In some ways the late-twentieth-century working-class cultural critique illuminated in the book resonates with the intraracial class tensions at the start of that century that Tera Hunter so skillfully chronicled in To ‘Joy My Freedom: Southern Black Women’s Lives and Labors after the Civil War. In her work, Hunter discussed the ways in which working-class Black women in Atlanta struggled to engage in social activities on their own terms, even if doing so challenged “respectable” middle-class cultural norms.  Now Maurice Hobson has demonstrated how nearly a century later, elements of Hip-Hop could speak truth to power and challenge the dominance of a politics of respectability. With the flames of Ferguson and Baltimore still fresh in our recollections, The Legend of the Black Mecca is a timely reminder of what examining the intraracial socioeconomic class divide can reveal for students of African American urban history.  Furthermore, the book opens up space for future projects that might address similar themes in other cities, as well as those that embrace the necessary challenge of doing work with an explicitly intersectional frame, which will foreground the ways in which gender and sexuality can serve as analytical frames of equal importance as race and class.

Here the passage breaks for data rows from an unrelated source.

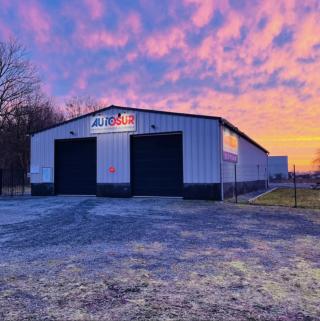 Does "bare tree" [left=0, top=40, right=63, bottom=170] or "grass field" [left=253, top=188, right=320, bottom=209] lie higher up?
"bare tree" [left=0, top=40, right=63, bottom=170]

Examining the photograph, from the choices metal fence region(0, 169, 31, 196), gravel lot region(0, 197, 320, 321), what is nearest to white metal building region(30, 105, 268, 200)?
metal fence region(0, 169, 31, 196)

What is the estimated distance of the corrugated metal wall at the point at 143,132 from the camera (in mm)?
16734

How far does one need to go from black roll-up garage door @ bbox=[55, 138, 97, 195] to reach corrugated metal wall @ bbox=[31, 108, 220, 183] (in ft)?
1.47

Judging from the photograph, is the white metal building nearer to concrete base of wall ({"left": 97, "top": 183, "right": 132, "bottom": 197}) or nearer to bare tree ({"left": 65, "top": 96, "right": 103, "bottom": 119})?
concrete base of wall ({"left": 97, "top": 183, "right": 132, "bottom": 197})

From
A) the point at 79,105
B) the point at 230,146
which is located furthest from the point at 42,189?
the point at 79,105

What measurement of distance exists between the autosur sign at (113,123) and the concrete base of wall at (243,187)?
221 inches

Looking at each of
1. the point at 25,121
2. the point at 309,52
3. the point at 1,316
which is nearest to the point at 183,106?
the point at 309,52

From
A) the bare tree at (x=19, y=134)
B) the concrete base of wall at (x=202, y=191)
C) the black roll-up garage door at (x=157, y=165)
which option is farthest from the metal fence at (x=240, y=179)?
the bare tree at (x=19, y=134)

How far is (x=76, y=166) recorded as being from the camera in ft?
67.2

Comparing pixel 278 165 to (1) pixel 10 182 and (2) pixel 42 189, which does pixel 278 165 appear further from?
(2) pixel 42 189

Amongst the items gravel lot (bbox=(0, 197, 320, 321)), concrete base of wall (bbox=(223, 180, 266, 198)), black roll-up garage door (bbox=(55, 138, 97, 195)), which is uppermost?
black roll-up garage door (bbox=(55, 138, 97, 195))

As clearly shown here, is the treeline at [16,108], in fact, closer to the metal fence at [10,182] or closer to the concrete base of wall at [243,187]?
the metal fence at [10,182]

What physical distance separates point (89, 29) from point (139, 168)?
7488 mm

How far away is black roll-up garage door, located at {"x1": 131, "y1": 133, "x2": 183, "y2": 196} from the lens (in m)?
18.0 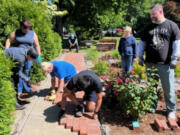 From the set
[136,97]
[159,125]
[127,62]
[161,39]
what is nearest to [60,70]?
[136,97]

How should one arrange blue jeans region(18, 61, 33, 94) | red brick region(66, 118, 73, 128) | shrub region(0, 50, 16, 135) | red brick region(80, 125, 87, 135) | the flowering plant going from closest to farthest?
→ shrub region(0, 50, 16, 135)
red brick region(80, 125, 87, 135)
the flowering plant
red brick region(66, 118, 73, 128)
blue jeans region(18, 61, 33, 94)

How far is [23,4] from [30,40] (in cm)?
169

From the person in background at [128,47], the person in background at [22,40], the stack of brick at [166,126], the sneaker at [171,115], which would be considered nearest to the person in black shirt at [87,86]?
the stack of brick at [166,126]

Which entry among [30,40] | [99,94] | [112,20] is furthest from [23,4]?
[112,20]

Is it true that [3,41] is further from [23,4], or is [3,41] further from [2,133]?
[2,133]

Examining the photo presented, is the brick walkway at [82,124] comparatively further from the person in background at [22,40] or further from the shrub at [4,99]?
the person in background at [22,40]

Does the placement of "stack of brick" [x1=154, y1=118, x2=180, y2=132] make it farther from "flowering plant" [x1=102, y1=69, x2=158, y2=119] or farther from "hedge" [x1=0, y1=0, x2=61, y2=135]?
"hedge" [x1=0, y1=0, x2=61, y2=135]

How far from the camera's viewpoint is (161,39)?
3.14 meters

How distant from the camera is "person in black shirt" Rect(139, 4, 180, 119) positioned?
3.05 metres

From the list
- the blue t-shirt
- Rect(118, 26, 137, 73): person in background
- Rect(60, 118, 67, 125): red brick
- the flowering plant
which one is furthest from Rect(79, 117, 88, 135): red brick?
Rect(118, 26, 137, 73): person in background

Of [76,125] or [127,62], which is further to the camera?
[127,62]

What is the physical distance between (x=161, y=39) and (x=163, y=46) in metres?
0.13

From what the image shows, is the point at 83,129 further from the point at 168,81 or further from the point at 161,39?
the point at 161,39

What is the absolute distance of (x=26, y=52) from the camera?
3955mm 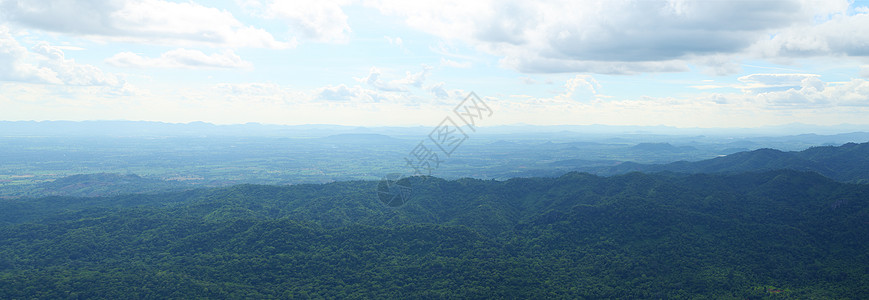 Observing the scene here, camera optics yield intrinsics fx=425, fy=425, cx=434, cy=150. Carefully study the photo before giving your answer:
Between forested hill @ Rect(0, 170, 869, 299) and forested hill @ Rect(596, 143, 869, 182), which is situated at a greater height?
forested hill @ Rect(596, 143, 869, 182)

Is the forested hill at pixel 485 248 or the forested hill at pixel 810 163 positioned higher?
the forested hill at pixel 810 163

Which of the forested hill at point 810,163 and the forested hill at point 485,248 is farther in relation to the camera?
the forested hill at point 810,163

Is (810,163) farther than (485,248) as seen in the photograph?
Yes

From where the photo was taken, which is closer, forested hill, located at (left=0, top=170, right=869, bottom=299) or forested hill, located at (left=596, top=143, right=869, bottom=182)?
forested hill, located at (left=0, top=170, right=869, bottom=299)

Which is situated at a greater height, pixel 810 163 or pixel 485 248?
pixel 810 163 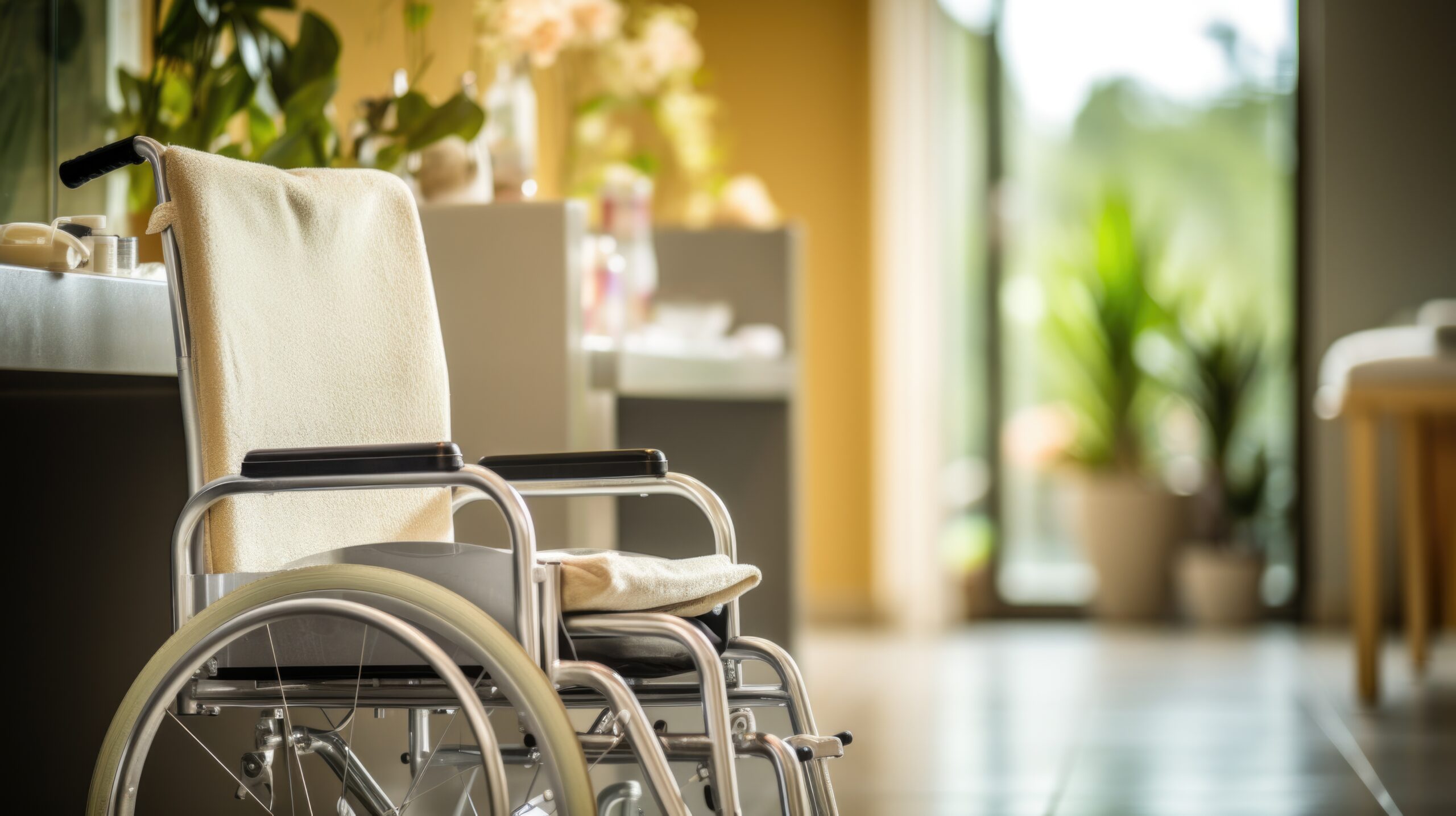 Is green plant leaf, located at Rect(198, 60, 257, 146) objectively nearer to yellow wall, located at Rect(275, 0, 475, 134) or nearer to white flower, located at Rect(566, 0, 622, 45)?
yellow wall, located at Rect(275, 0, 475, 134)

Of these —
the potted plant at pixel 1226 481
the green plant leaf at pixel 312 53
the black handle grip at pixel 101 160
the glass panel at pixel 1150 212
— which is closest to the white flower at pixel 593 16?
the green plant leaf at pixel 312 53

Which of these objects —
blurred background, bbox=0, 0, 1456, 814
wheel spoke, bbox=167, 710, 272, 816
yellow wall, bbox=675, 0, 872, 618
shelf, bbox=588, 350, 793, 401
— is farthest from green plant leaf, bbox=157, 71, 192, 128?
yellow wall, bbox=675, 0, 872, 618

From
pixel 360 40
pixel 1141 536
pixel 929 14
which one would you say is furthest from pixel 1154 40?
pixel 360 40

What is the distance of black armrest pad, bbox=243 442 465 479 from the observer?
1136 millimetres

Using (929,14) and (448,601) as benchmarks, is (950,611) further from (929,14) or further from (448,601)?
(448,601)

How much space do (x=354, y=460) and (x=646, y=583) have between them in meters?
0.25

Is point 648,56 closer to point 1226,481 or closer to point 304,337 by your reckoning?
point 304,337

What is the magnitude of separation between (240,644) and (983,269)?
3874mm

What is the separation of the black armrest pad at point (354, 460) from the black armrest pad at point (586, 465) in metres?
0.23

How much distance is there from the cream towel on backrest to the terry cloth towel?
0.24m

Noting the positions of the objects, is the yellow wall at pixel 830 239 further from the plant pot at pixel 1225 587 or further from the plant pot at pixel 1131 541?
the plant pot at pixel 1225 587

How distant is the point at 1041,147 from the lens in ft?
16.1

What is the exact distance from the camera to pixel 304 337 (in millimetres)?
1449

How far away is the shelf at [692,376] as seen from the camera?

Citation: Grady-Willis, Winston A.. “Book Review: The Legend of the Black Mecca.” Atlanta Studies. June 26, 2018. https://doi.org/10.18737/atls20180626.


  1. For an extended discussion of the Summerhill protest, see Winston A. Grady-Willis, Challenging U.S. Apartheid: Atlanta and Black Struggles for Human Rights, 1960–1977 (Durham, NC: Duke University Press, 2006), 114–29.[]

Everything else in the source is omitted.